→ What the task requires:
Could you give the listing again exactly, without its pictures?

----- Task inputs

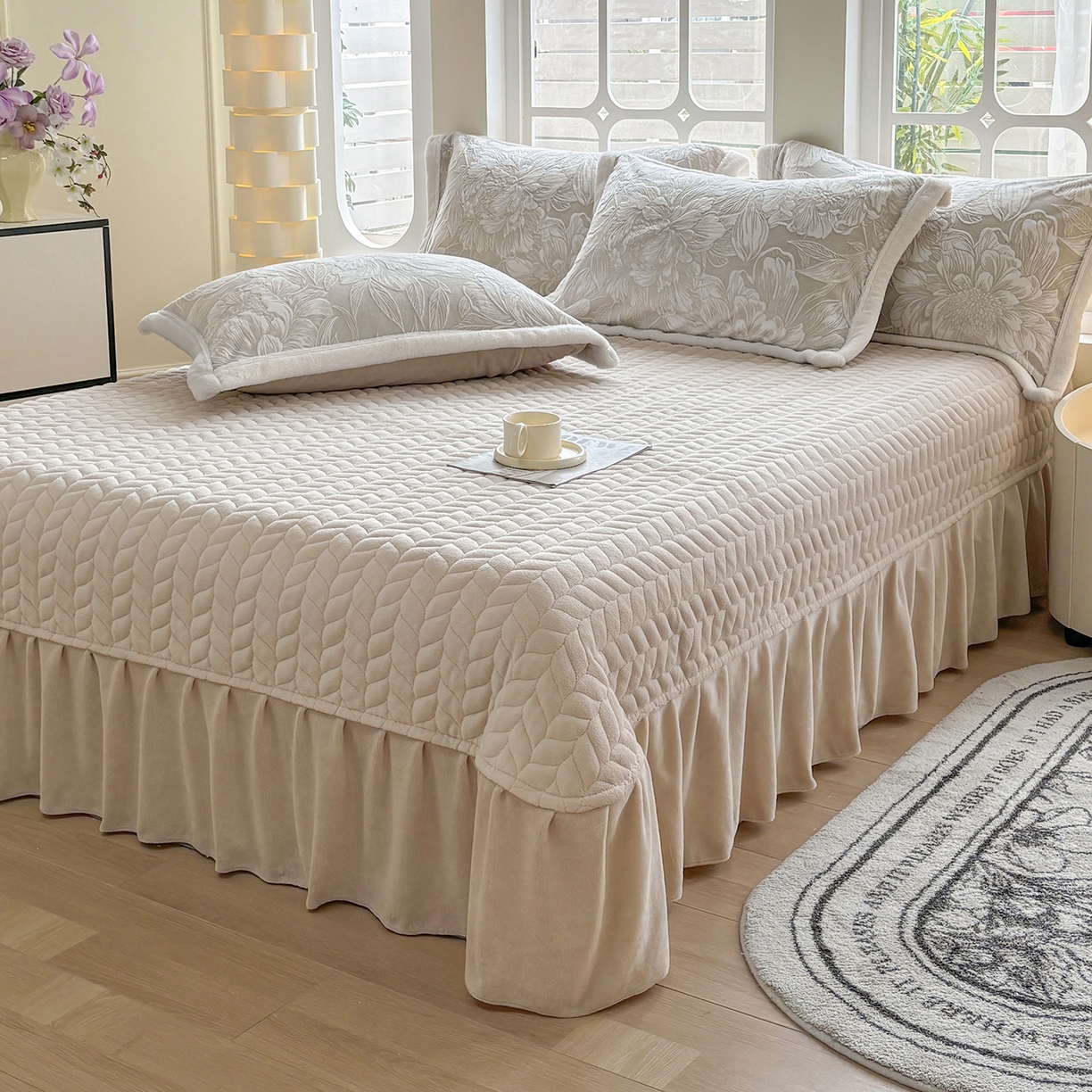 91家纺网 家纺一手货源 找家纺 金艾草 2025新款雕花绒兔毛包边牛奶绒床盖款四件套 芳华-米驼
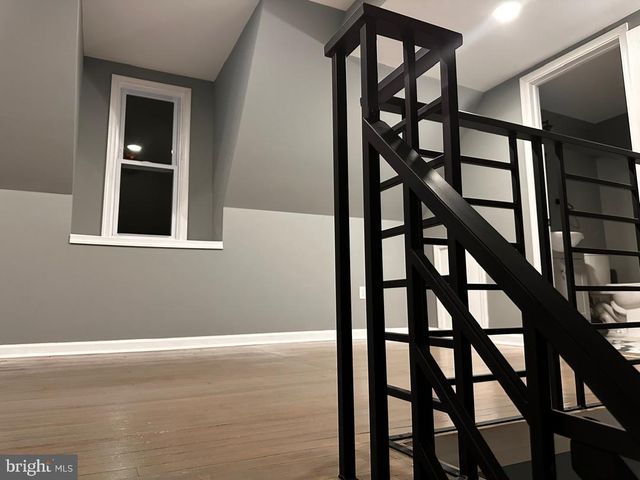 32 KENT RD, Upper Darby, PA 19082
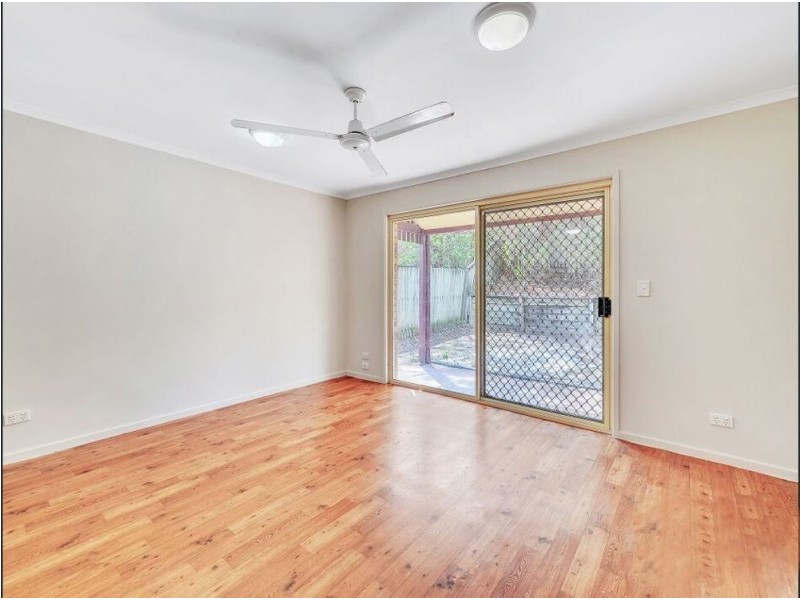 1/2 Beatrice Tallon Court, North Ipswich QLD 4305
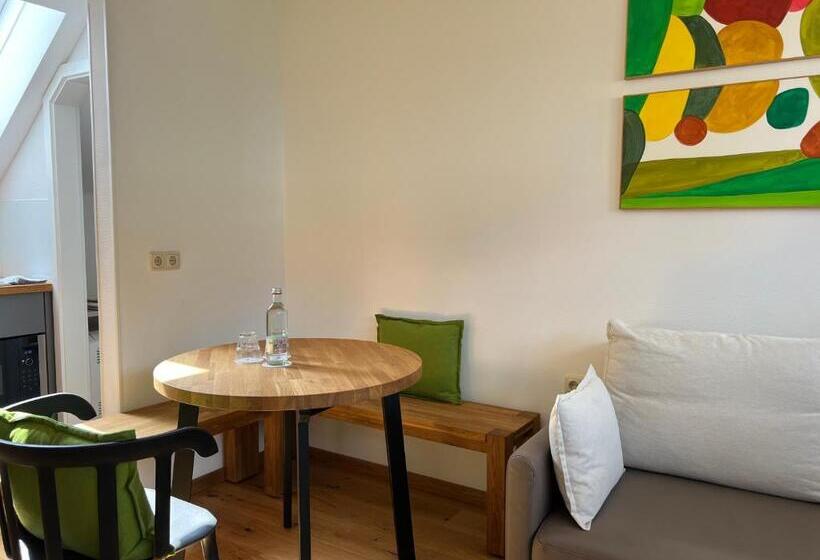 Aparthotel Parsberg Lferstl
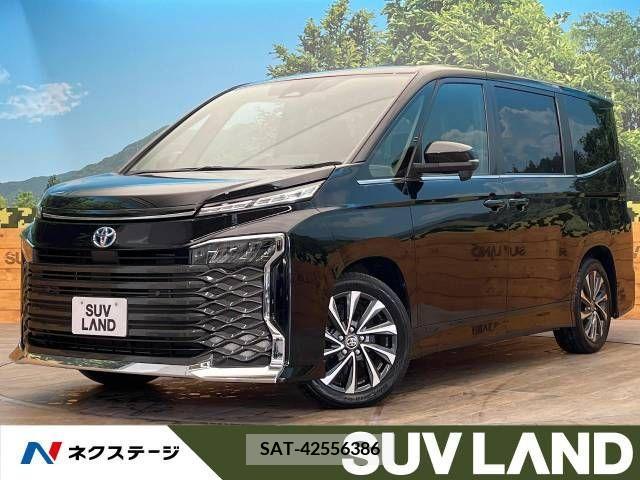 Toyota VOXY HYBRID 2022-04 381131-0
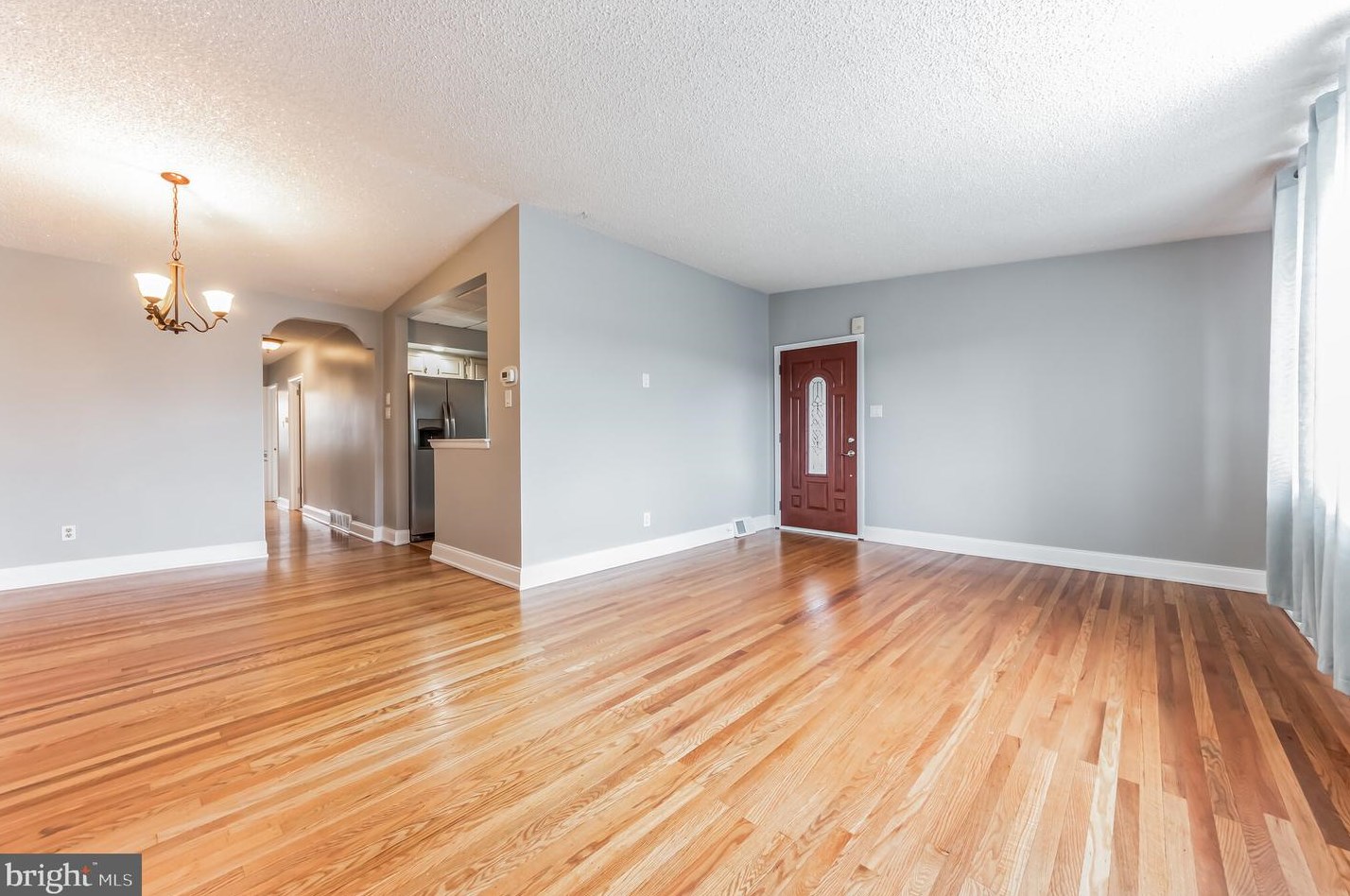 2927 Gelena Rd, Philadelphia, PA 19152-2116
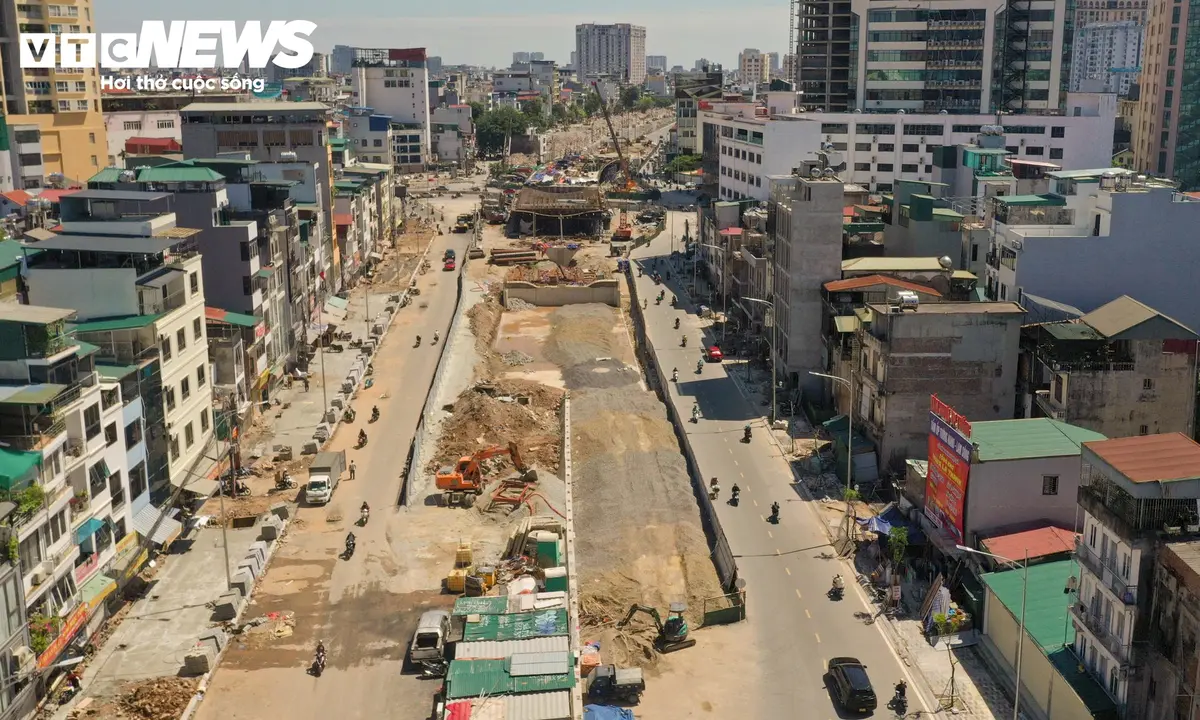 Cận cảnh công trường hai cầu vượt trên tuyến Vành đai 1 ở Hà Nội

----------

→ Exercise result:
 91家纺网 家纺一手货源 找家纺 金艾草 2025新款雕花绒兔毛包边牛奶绒床盖款四件套 芳华-米驼
 32 KENT RD, Upper Darby, PA 19082
 1/2 Beatrice Tallon Court, North Ipswich QLD 4305
 Aparthotel Parsberg Lferstl
 Toyota VOXY HYBRID 2022-04 381131-0
 2927 Gelena Rd, Philadelphia, PA 19152-2116
 Cận cảnh công trường hai cầu vượt trên tuyến Vành đai 1 ở Hà Nội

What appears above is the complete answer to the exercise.